Le Traité sur la Charte de l’Énergie (TCE) est un accord international de commerce et d’investissement visant à promouvoir la coopération dans le secteur de l’énergie. Il a été signé par la France en 1994 puis ratifié en 1999.
Le TCE accorde une protection juridique aux investissements énergétiques via un mécanisme de règlement des différends, dont les conséquences en matière de contentieux pour les parties signataires sont entre autres à l’origine d’un processus de modernisation engagé en 2017.
La modernisation du TCE, qui s’est conclue le 23 juin 2022 après quinze cycles de négociations, doit faire l’objet d’un accord final lors de la prochaine Conférence sur la Charte de l’énergie le 22 novembre 2022.
Les amendements proposés pourraient constituer une avancée pour les États membres s’ils étaient adoptés et ratifiés, mais ne sont pas à la hauteur de l’ambition climatique de la France et de ses engagements internationaux sur le climat.

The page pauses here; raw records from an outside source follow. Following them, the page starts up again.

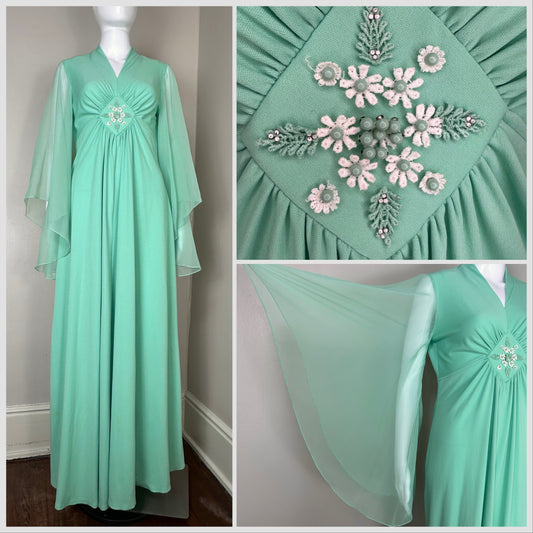 1970s Mint Green Maxi Dress with Sheer Angel Wing Sleeves, Size Medium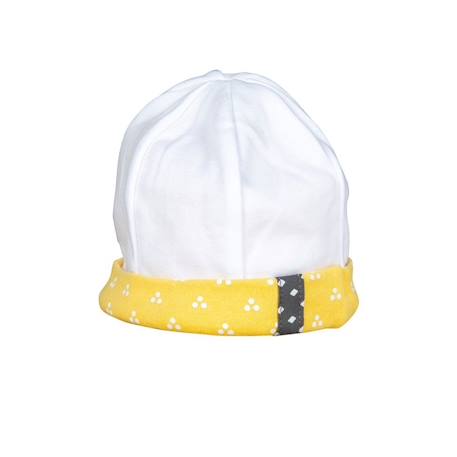 Bonnet de naissance en coton - pluche et pompon Blanc 1 - vertbaudet enfant 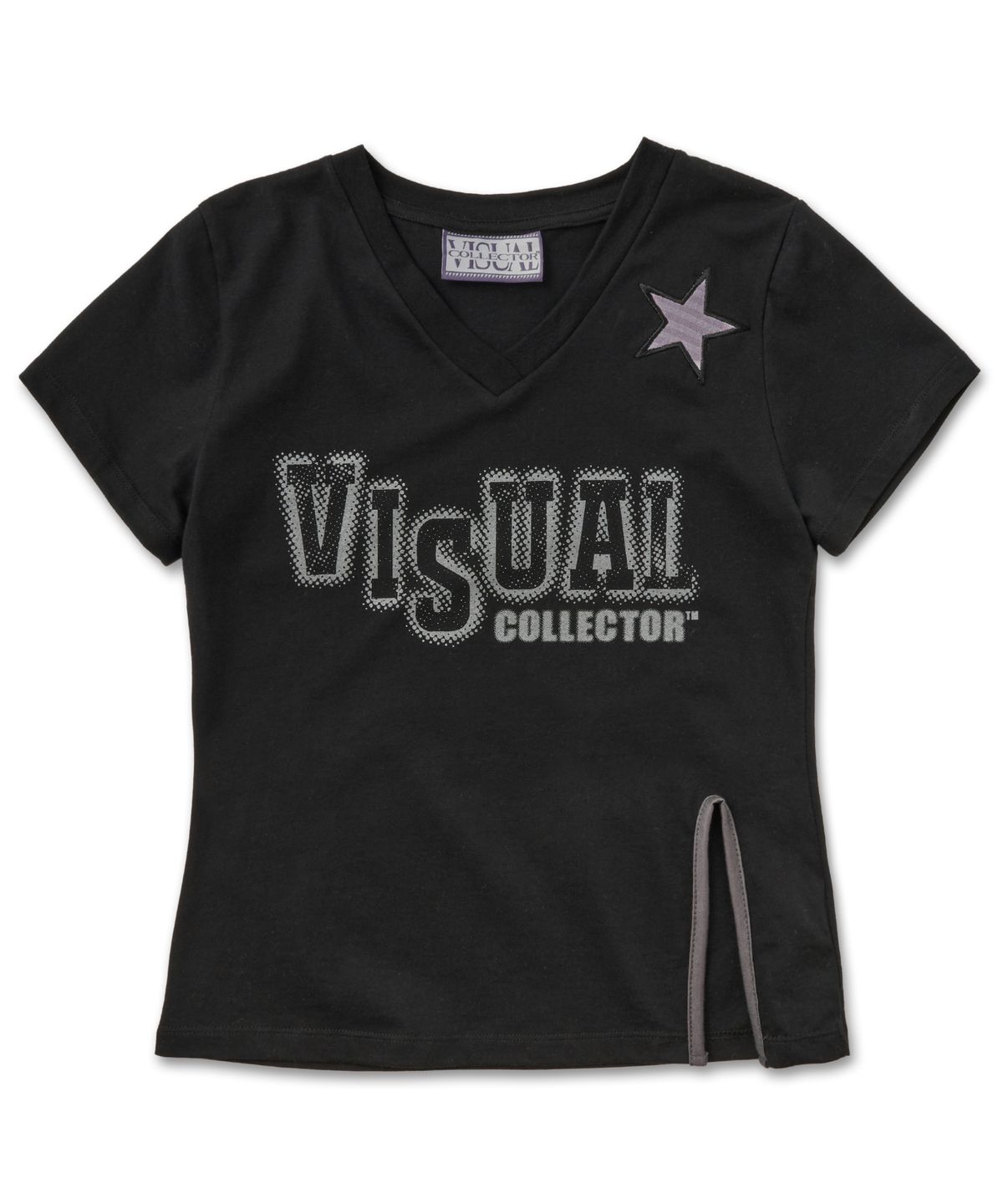 비주얼 컬렉터(VISUAL COLLECTOR) 스타 아플리케 슬릿 티 [블랙]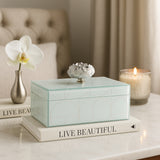 Pollock Silver Sparkly Geo Glass Box with Stone Top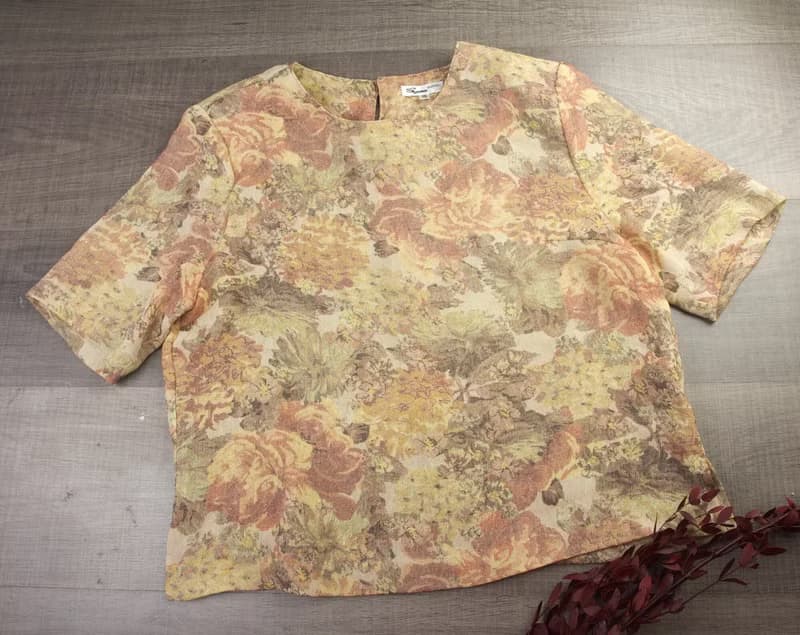 大號 | 復古黃色女式襯衫 | 短袖上衣| 女士日本複古服裝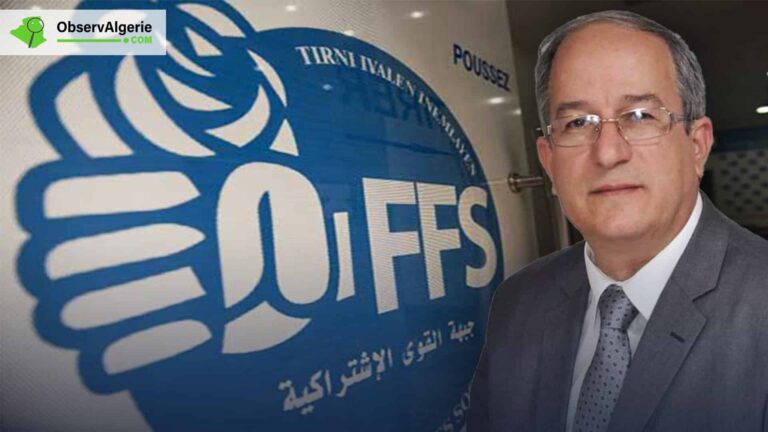 Le logo du FFS et le premier secrétaire national du parti Hakim Belahcel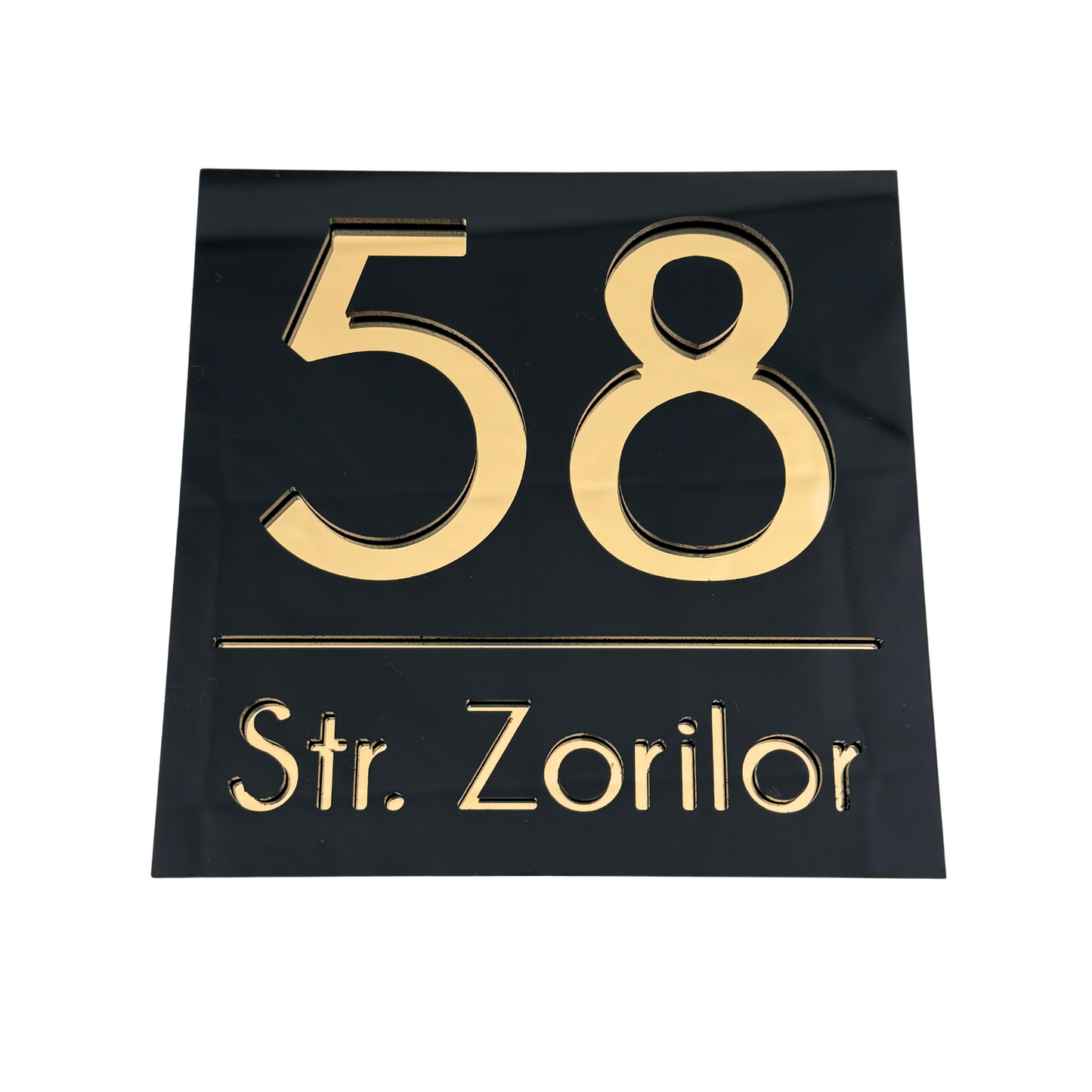 PREMIUM HOUSE NUMBER - Glossy Black Gold Mirror - 17×17 cm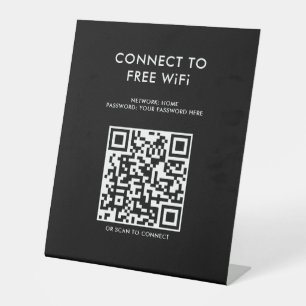 Expositor En L Menú sin contacto Código QR Conexión WiFi Negro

Dans le cadre de son auto-saisine au titre de la modernisation du Traité sur la Charte de l’Énergie, le Haut conseil pour le climat :
1. Parvient à la conclusion que le TCE, y compris dans une forme modernisée, n’est pas compatible avec le rythme de décarbonation du secteur de l’énergie et l’intensité des efforts de réduction d’émissions nécessaires pour le secteur à l’horizon 2030, comme rappelé par l’AIE et évalué par le GIEC. En particulier avant l’entrée en vigueur éventuelle de l’accord de modernisation, les délais de ratification nécessaires risquent de prolonger les dispositions actuelles du TCE et sa clause de survie bien au-delà de sa durée réduite à 10 ans par le nouveau mécanisme de flexibilité proposé.
2. Souligne que les risques de contentieux induits par le mécanisme de règlement des différends du TCE peuvent constituer une entrave pour les États dans l’élaboration et la mise en œuvre de leurs politiques de décarbonation nécessaires à court terme.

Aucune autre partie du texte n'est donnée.